From Casetext: Smarter Legal Research

State v. Beilke

Court of Appeals of Wisconsin
Jul 17, 1997
Case No. 97-0613-CR (Wis. Ct. App. Jul. 17, 1997)

Opinion

Case No. 97-0613-CR.

Opinion released: July 17, 1997. Opinion dated: July 17, 1997. This opinion will not be published. See Rule 809.23(1)(b)(4), Stats.

APPEAL from a judgment and an order of the circuit court for Rock County: MARK J. FARNUM and JOHN W. ROETHE, Judges. Affirmed.


Ralph Beilke appeals a judgment convicting him of a misdemeanor, obstructing an officer in violation of § 946.41, Stats., as a repeater under § 939.62, Stats. He also appeals an order denying his motion to commute his sentence. He was sentenced to three years in prison, the maximum enhanced penalty for the offense. Beilke claims that his no contest plea was not a valid admission of the prior conviction alleged to confer his repeater status, and that the repeater allegations were improperly amended post-plea to correct an erroneous date of conviction. We conclude that Beilke's no contest plea constituted a valid admission of his prior conviction, and that he was not prejudiced by a four day variance in the conviction date. Accordingly, we affirm the judgment of conviction and the order denying Beilke's motion to commute his sentence.

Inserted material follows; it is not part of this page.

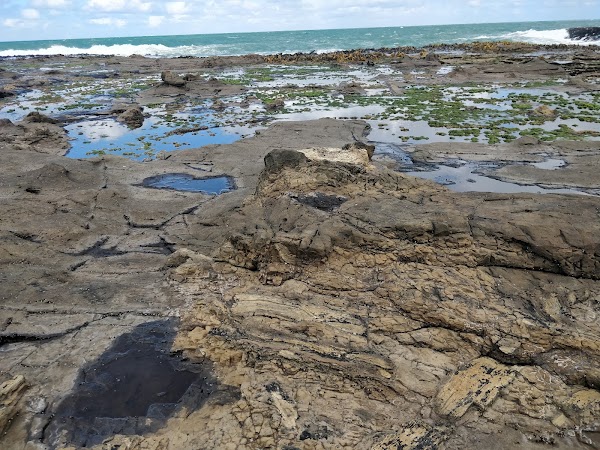 Curio Bay Cliffs 4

Section 939.62, Stats., provides, in relevant part:

(1) If the actor is a repeater, as that term is defined in sub. (2), and the present conviction is for any crime for which imprisonment may be imposed the maximum term of imprisonment prescribed by law for that crime may be increased as follows:

(a) A maximum term of one year or less may be increased to not more than 3 years.

. . . .
(2) The actor is a repeater if the actor was convicted of a felony during the 5-year period immediately preceding the commission of the crime for which the actor presently is being sentenced which conviction remain[s] of record and unreversed.

BACKGROUND

The State filed a criminal complaint on July 16, 1996, charging Beilke with obstructing an officer, a misdemeanor. The complaint alleged that Beilke was a repeater subject to an enhanced sentence under § 939.62(1)(a), Stats., in that he had been convicted of two felonies within the previous five years, specifically:

[P]ossession with intent to deliver a controlled substance and possession of a firearm by a convicted felon on April 14, 1992, in Milwaukee County Circuit Court, Milwaukee, Wisconsin.

Beilke pleaded no contest to the charge, and at the plea hearing, the judge initially overlooked the repeater allegations, but then returned to them as follows:

THE COURT: What are you doing on the habitual criminality violation?

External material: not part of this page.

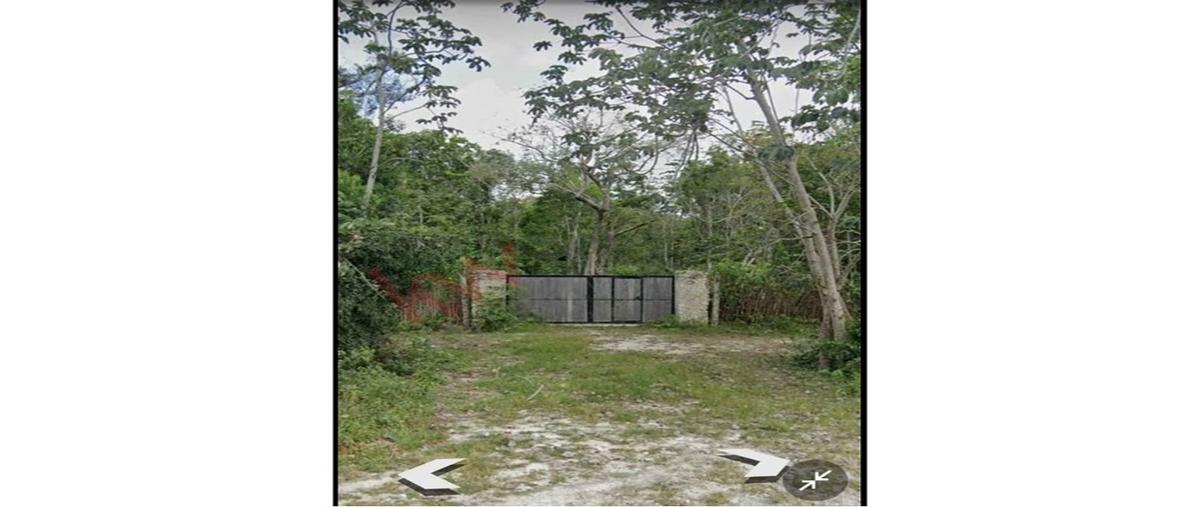 Foto de terreno habitacional en venta en  , chun-yah, felipe carrillo puerto, quintana roo, 0 No. 03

[DEFENSE COUNSEL]: He's admitting to that, Judge.

THE COURT: In case it makes any difference to your plea, and I overlooked advising you about it, there is also an allegation of habitual criminality that increases the penalty, and it's claimed that you were convicted of a felony within the last five years, that being possession with intent to deliver a controlled substance and possession of a firearm as a convicted felon on April 14th, 1992; and, as a result of that, the term of imprisonment is increased up to a total of three years. You understand that?

MR. BEILKE: Yes.

THE COURT: Does that make a difference on your plea or anything?

MR. BEILKE: No.

Beilke's plea was accepted. He was sentenced to the maximum enhanced sentence of three years in prison.

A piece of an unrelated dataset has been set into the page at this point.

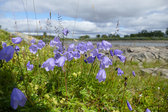 Flowers 4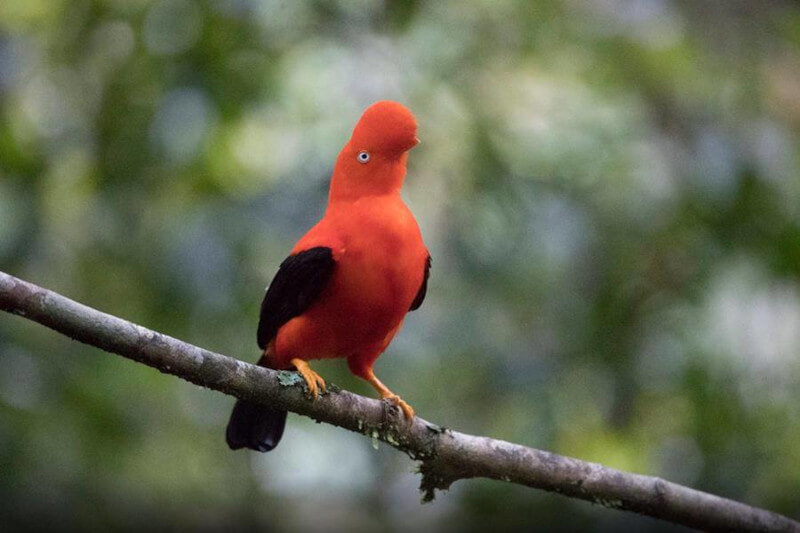 peru jungle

Beilke moved after conviction to have his sentence commuted. He argued that his plea did not constitute an admission because the date of the prior conviction was inaccurately alleged. The State conceded that instead of having been convicted of the prior felonies on April 14, 1992, Beilke had been convicted on April 10, 1992. The trial court denied Beilke's motion, concluding that the error was de minimis and that Beilke had admitted the prior convictions by entering a no contest plea. Beilke appeals the judgment of conviction and the order denying his motion to commute sentence.

ANALYSIS Standard of Review

Whether Beilke's conviction and subsequent sentence as a repeater are proper involves the application of §§ 939.62 and 973.12, Stats., to undisputed facts. This is a question of law which we review de novo. State v. Zimmerman , 185 Wis.2d 549, 554, 518 N.W.2d 303, 304 (Ct.App. 1994).

Admission of Prior Convictions by Plea of No Contest

Section 973.12(1), Stats., requires that prior convictions be admitted by the defendant or proven by the State before a defendant can be subjected to enhanced sentencing under § 939.62, Stats. Beilke argues that he did not validly admit to the prior convictions and that the State did not prove them. He contends that he cannot thus be sentenced as a repeater and that his sentence should be commuted. We disagree.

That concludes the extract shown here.